**Data supplied:**

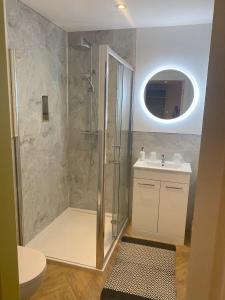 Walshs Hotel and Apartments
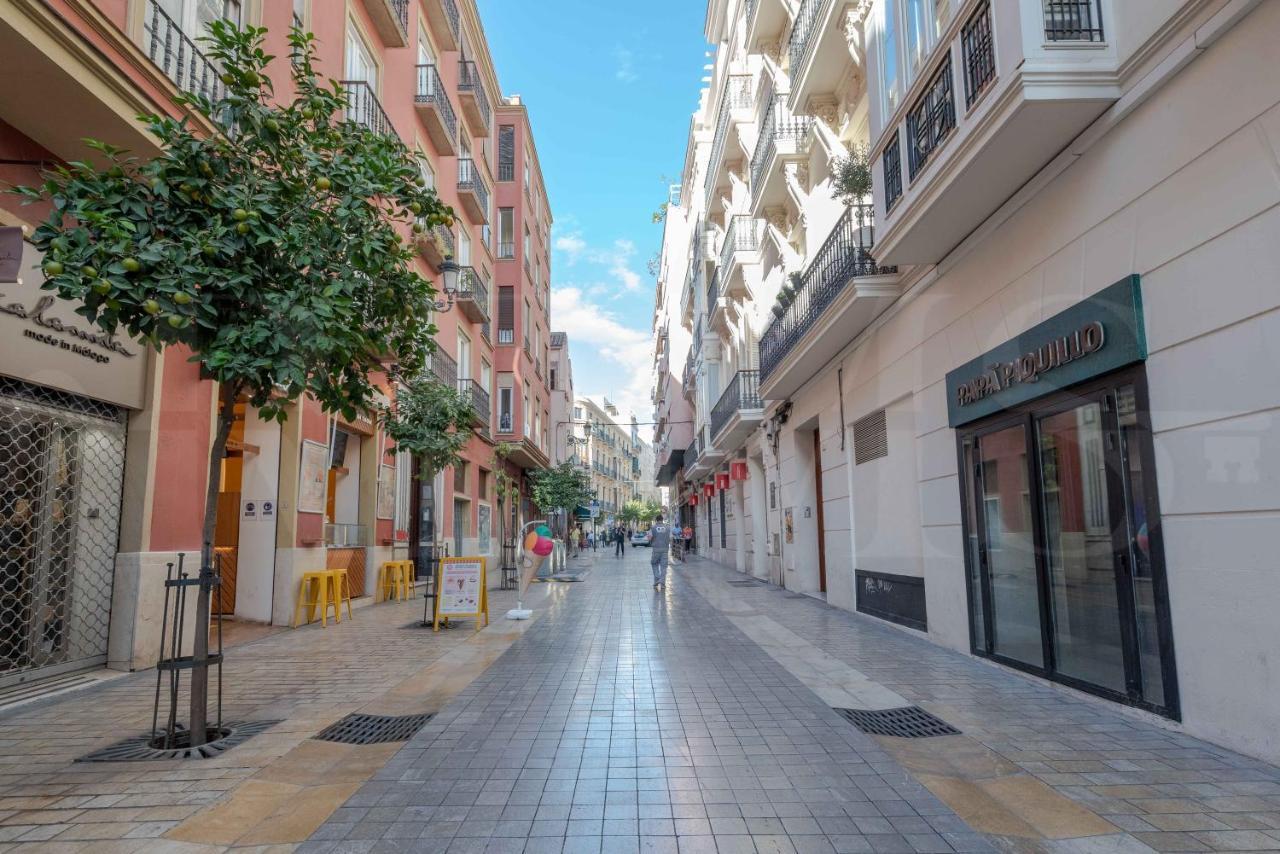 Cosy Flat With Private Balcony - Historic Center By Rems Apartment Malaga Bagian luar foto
* * *
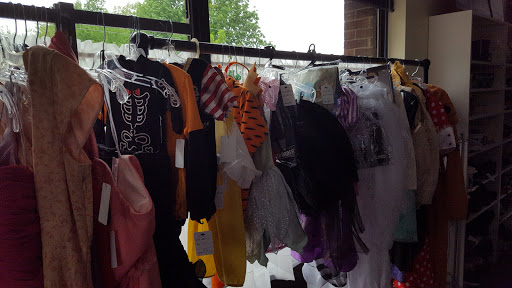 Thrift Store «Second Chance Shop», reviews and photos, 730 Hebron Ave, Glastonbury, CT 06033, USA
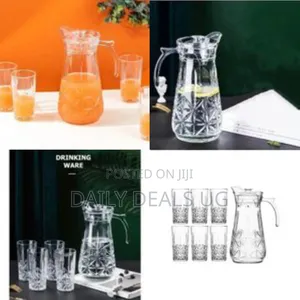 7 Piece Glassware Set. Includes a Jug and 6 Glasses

**Exercise requirements:**
From the material above, reproduce only what runs from the line holding "Walshs Hotel and Apartments" down to the line holding "Cosy Flat With", both included, pictures excluded.

**Completed task:**
 Walshs Hotel and Apartments
 Cosy Flat With Private Balcony - Historic Center By Rems Apartment Malaga Bagian luar foto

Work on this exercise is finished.